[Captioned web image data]
----

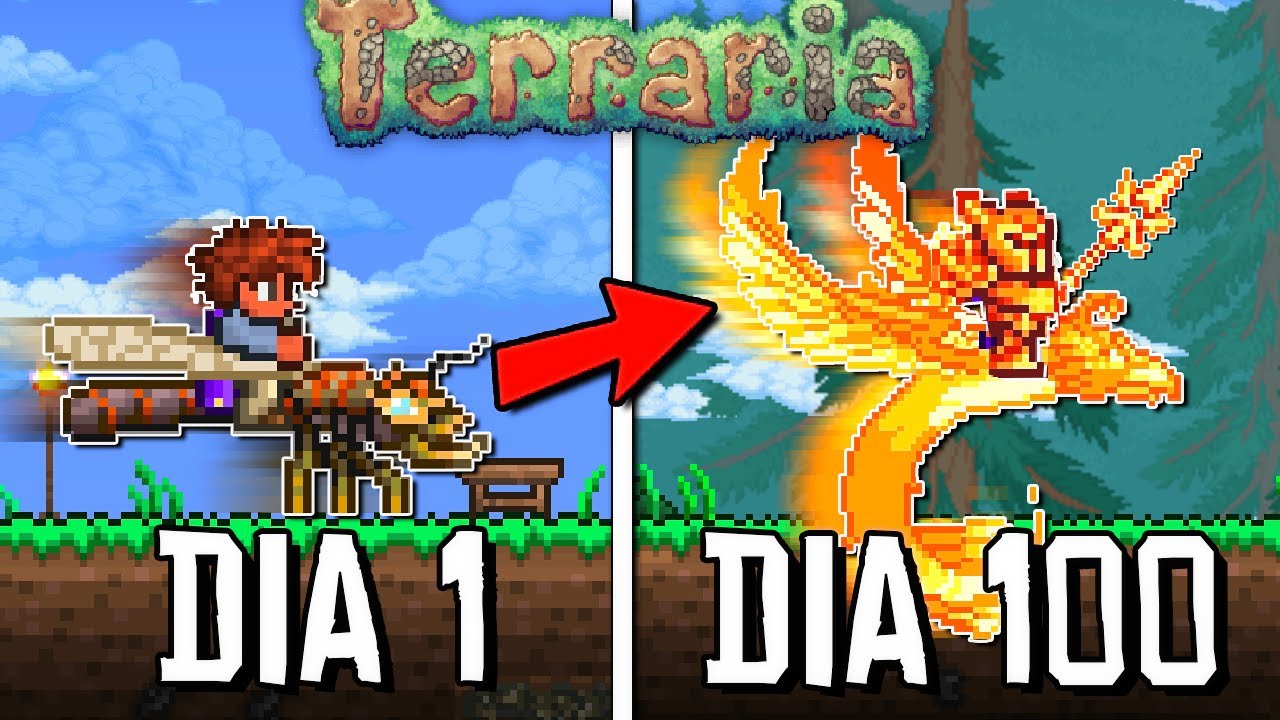 PASSEI 100 DIAS NO TERRARIA APENAS DE MONTARIAS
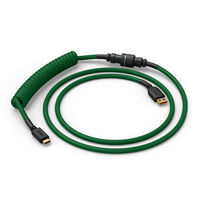 Glorious GMMK Coiled Cable Forest Green, Spiral Keyboard Cable, USB-C/USB-A &ndash; Dark Green/Black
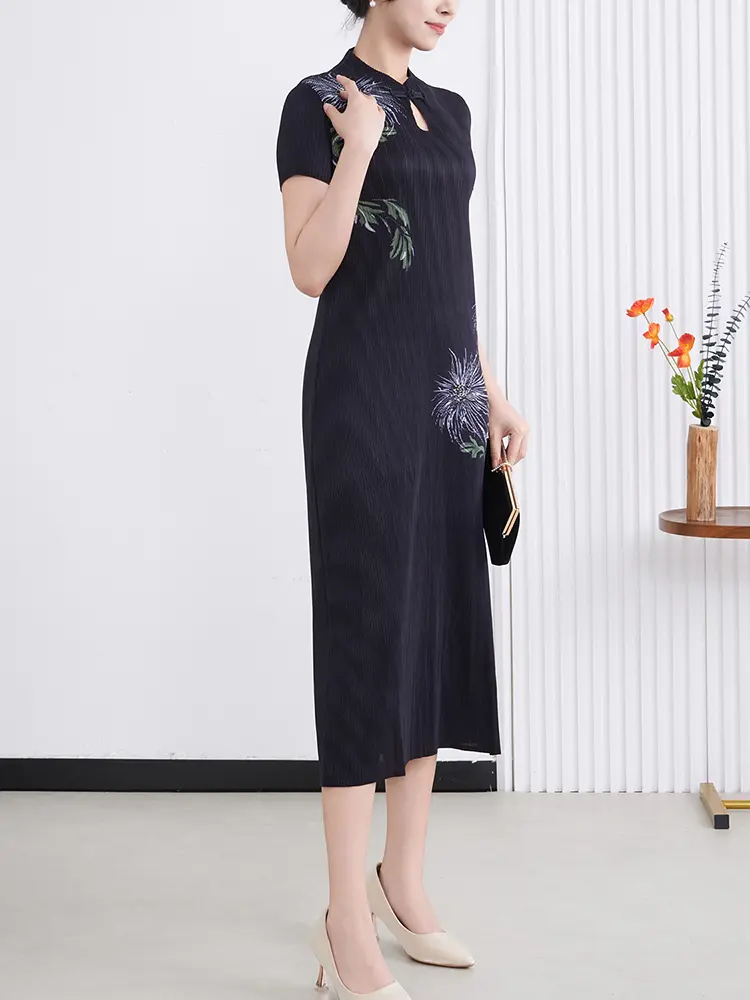 LANMREM Niche Chinese Style Cheongsam Pleated Dress For Women 2025 New Summer Print Short Sleeve Black Slim Fit Dresses 2DB3233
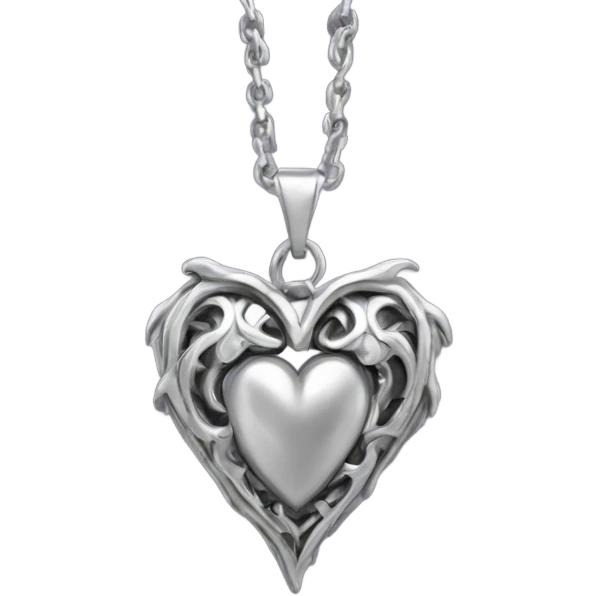 silver gothic heart necklace emoji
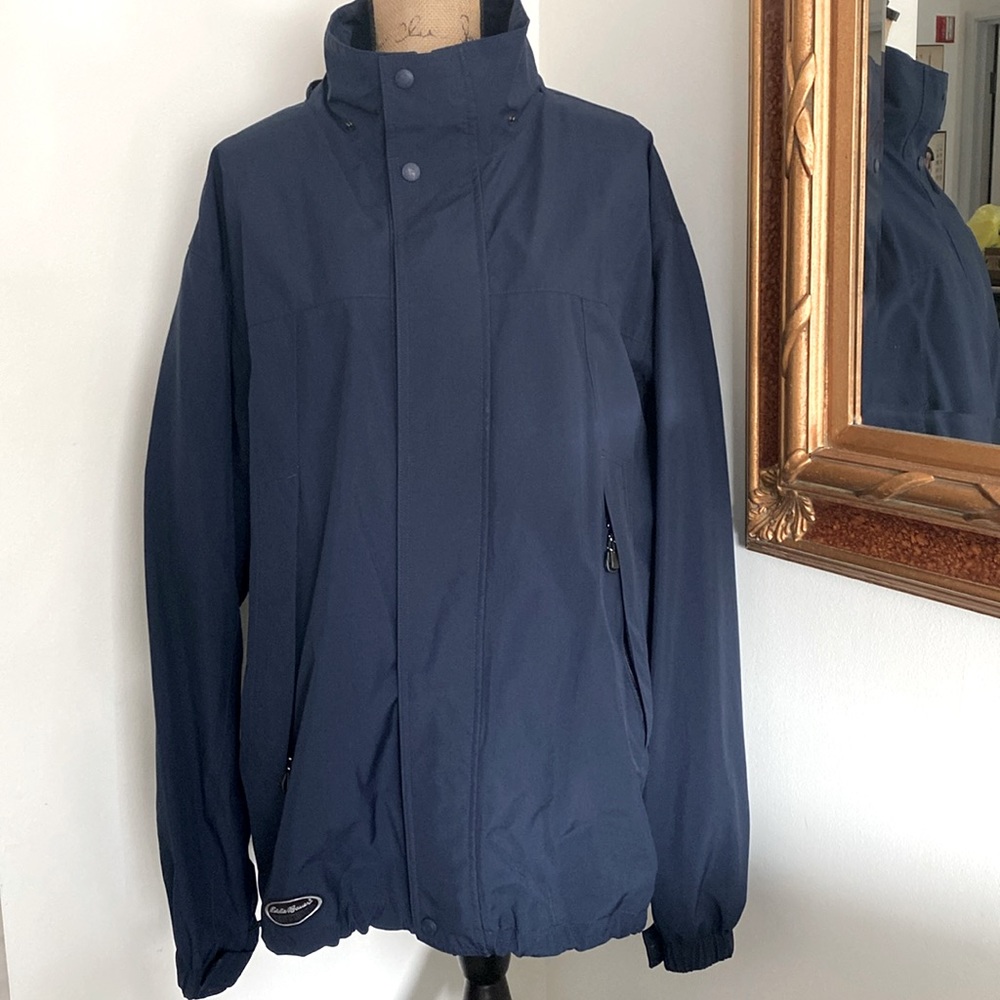 Eddie Bauer EBTEK Gore-Tex Jacket Men`s XL Coat Rain Parka Navy Blue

----

WHAT IS NEEDED
Give back the records above word for word, minus any image they hold.

WRITTEN ANSWER
 PASSEI 100 DIAS NO TERRARIA APENAS DE MONTARIAS
 Glorious GMMK Coiled Cable Forest Green, Spiral Keyboard Cable, USB-C/USB-A &ndash; Dark Green/Black
 LANMREM Niche Chinese Style Cheongsam Pleated Dress For Women 2025 New Summer Print Short Sleeve Black Slim Fit Dresses 2DB3233
 silver gothic heart necklace emoji
 Eddie Bauer EBTEK Gore-Tex Jacket Men`s XL Coat Rain Parka Navy Blue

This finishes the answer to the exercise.